Java and Bedrock differences
Candles work the same way in both Java Edition and Bedrock Edition for the things most players care about: the recipe, the colors, the four-per-block stacking, the light levels, and the cake interaction. There are very small parity differences from version to version (mostly around how interaction with other lit blocks gets handled), but for normal play those are not something you will run into.
If you are playing on a current version (1.20 or later) of either edition, expect the same crafting, the same lighting, and the same cake mechanic.
Frequently asked questions
Can you light a candle without flint and steel?
Yes. A fire charge fired from a dispenser will light it, and any nearby flame source can ignite it indirectly. Flint and steel is just the cleanest method.
Do candles stop mob spawns?
Four lit candles in one block reach light level 12, which prevents most hostile mob spawns on the blocks immediately around them. One, two, or three candles do not put out enough light to cover much area, so do not rely on a single candle to make a corner safe.
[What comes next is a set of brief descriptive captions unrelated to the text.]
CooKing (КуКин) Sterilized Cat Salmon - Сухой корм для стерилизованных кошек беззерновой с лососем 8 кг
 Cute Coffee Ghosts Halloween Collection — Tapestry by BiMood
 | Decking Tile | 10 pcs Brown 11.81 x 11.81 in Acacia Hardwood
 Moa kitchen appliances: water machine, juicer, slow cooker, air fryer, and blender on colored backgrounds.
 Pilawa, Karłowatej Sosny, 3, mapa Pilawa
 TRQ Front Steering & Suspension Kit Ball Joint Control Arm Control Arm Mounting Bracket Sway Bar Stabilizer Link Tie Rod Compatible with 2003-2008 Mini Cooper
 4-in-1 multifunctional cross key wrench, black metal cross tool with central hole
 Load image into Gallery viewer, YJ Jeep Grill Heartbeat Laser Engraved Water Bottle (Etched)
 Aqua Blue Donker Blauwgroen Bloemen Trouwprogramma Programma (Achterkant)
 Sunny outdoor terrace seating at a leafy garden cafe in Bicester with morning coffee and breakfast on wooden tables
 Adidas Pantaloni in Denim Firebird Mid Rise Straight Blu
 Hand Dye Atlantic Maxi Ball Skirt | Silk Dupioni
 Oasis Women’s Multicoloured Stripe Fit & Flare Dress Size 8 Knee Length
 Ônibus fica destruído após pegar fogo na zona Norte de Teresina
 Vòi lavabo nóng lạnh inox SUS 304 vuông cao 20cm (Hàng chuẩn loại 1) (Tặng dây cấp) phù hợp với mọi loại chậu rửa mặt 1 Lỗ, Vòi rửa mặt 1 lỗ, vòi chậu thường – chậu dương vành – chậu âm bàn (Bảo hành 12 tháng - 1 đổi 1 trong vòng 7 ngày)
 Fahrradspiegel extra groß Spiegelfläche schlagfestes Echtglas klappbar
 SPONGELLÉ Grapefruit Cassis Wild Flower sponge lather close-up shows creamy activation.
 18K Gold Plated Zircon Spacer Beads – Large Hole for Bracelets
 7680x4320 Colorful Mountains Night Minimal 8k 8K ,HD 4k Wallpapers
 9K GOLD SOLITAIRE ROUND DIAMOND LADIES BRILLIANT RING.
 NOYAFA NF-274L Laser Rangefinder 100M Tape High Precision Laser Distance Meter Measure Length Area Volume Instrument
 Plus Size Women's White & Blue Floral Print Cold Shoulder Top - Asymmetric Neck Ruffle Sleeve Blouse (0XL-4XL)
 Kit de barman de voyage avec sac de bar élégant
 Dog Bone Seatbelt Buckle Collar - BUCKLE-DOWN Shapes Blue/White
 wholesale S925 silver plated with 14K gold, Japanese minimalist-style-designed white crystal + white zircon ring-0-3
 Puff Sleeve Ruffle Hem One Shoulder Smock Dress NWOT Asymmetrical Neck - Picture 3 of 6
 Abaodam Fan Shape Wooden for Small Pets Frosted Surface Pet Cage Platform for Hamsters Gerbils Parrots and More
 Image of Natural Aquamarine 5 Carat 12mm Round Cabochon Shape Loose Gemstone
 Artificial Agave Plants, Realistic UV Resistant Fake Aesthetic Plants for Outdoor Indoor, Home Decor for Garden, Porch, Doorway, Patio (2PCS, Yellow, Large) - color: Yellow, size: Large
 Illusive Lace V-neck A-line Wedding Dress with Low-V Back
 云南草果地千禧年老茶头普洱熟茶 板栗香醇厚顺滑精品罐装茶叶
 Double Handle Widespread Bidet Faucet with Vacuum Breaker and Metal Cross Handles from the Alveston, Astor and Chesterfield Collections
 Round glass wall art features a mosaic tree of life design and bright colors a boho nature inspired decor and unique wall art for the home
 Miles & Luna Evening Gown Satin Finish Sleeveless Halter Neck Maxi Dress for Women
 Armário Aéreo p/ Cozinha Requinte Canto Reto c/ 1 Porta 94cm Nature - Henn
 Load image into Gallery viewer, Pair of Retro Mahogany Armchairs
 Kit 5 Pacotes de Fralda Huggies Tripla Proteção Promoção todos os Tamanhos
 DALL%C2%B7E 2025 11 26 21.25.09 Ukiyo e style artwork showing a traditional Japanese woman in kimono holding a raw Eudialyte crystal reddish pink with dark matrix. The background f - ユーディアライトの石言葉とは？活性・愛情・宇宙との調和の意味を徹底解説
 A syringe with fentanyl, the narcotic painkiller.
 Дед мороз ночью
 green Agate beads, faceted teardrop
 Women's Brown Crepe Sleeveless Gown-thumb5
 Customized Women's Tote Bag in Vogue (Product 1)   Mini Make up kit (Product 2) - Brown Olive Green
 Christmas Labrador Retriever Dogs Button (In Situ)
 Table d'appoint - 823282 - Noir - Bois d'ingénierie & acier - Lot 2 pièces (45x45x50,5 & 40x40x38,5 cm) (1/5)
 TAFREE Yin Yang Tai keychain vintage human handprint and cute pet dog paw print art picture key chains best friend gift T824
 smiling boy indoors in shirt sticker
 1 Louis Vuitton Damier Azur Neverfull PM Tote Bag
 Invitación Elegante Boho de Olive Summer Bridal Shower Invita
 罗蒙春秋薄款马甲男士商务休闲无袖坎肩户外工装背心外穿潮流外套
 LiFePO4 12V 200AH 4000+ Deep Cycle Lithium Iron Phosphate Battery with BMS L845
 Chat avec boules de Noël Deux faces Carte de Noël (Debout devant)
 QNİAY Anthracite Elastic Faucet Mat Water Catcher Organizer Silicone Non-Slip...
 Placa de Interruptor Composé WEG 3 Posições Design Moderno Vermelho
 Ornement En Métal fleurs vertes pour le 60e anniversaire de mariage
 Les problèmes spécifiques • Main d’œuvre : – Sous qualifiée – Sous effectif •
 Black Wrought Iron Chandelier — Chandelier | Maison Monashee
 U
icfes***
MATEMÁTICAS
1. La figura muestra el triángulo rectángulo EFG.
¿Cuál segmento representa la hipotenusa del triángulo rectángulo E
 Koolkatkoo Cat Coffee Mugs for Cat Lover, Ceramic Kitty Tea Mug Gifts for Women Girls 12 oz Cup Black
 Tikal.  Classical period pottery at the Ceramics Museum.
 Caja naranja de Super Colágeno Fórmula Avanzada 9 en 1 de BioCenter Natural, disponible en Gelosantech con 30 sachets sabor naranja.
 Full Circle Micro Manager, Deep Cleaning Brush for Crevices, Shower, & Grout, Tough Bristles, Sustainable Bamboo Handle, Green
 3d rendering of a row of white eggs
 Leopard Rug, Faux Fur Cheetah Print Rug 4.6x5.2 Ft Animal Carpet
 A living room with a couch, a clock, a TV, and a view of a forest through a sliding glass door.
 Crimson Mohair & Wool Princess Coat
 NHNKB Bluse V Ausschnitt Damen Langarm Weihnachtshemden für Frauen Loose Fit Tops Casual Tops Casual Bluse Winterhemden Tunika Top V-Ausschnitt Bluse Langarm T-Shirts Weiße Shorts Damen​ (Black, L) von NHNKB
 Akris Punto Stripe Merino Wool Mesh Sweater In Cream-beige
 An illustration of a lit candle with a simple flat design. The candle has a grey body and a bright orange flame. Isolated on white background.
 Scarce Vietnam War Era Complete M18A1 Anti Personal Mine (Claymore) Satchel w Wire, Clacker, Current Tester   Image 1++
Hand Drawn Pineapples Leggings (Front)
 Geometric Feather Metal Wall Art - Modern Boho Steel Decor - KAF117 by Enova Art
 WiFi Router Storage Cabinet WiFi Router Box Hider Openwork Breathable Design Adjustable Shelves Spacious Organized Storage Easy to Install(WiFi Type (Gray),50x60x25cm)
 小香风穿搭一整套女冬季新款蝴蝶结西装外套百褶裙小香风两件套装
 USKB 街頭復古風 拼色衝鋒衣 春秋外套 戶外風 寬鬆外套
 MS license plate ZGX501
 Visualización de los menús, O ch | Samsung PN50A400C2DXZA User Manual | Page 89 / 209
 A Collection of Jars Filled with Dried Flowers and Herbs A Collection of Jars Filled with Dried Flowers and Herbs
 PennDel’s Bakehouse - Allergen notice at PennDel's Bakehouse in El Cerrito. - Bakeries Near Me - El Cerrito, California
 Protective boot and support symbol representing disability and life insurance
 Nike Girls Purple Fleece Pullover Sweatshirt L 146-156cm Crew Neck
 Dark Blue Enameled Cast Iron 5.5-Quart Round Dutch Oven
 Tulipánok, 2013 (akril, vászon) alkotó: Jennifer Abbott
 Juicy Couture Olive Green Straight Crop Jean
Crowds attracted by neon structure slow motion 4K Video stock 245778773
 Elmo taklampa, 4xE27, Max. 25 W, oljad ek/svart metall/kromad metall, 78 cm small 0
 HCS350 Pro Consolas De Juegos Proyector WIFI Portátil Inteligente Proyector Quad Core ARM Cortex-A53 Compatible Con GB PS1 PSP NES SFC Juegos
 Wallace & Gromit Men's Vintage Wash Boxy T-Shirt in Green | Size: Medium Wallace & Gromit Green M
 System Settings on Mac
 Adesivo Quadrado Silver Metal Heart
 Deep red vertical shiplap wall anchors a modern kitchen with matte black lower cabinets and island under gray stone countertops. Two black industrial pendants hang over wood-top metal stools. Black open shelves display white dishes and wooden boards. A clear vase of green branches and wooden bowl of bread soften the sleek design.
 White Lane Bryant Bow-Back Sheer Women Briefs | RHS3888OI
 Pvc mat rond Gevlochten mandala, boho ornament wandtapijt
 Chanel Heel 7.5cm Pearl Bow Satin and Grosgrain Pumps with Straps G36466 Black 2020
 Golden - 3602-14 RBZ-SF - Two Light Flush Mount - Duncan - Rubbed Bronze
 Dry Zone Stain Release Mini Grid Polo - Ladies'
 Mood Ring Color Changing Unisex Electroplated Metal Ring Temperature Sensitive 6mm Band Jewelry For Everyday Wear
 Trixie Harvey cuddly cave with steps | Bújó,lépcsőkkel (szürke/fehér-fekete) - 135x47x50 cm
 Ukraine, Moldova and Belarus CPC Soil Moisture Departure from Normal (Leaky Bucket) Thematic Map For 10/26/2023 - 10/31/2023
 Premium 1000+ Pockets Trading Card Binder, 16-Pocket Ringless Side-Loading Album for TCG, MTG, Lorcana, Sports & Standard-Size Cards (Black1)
Can you put more than one candle on a cake?
No. A cake holds exactly one candle of any color. The four-per-block stacking rule does not apply to cakes.
How do you get honeycomb without making the bees angry?
Place a lit campfire directly under the bee nest or hive before you shear it. The smoke calms the bees, and they will not attack when you take the honeycomb. Just be careful not to let the campfire set the trees around the nest on fire. Place a non-flammable block under the campfire if you are in a forest.
Do candles work underwater?
You can place a candle underwater (it will be waterlogged), but it cannot be lit while in water. If a lit candle gets flooded, the flame goes out immediately.
Can you dye a candle that is already placed?
No. You have to break the candle, take it back into the crafting grid with the dye you want, and place the dyed version. Dye does not work on a candle in the world.
What was the candle added in?
Candles were added in the Caves and Cliffs update, version 1.17, in 2021. They have been part of both Java and Bedrock editions since.
Where candles fit in your builds
Candles are not the answer for caving or for lighting a perimeter. They are the answer for a dining table, a windowsill, a small altar, a bedroom corner, or the top of a cake at someone’s in-game birthday party. Build around what they actually do well: small footprint, dyeable, ambient glow, and cooperating with water without disappearing. Once you stop trying to use them like torches, they become one of the most flexible decorative blocks in the game.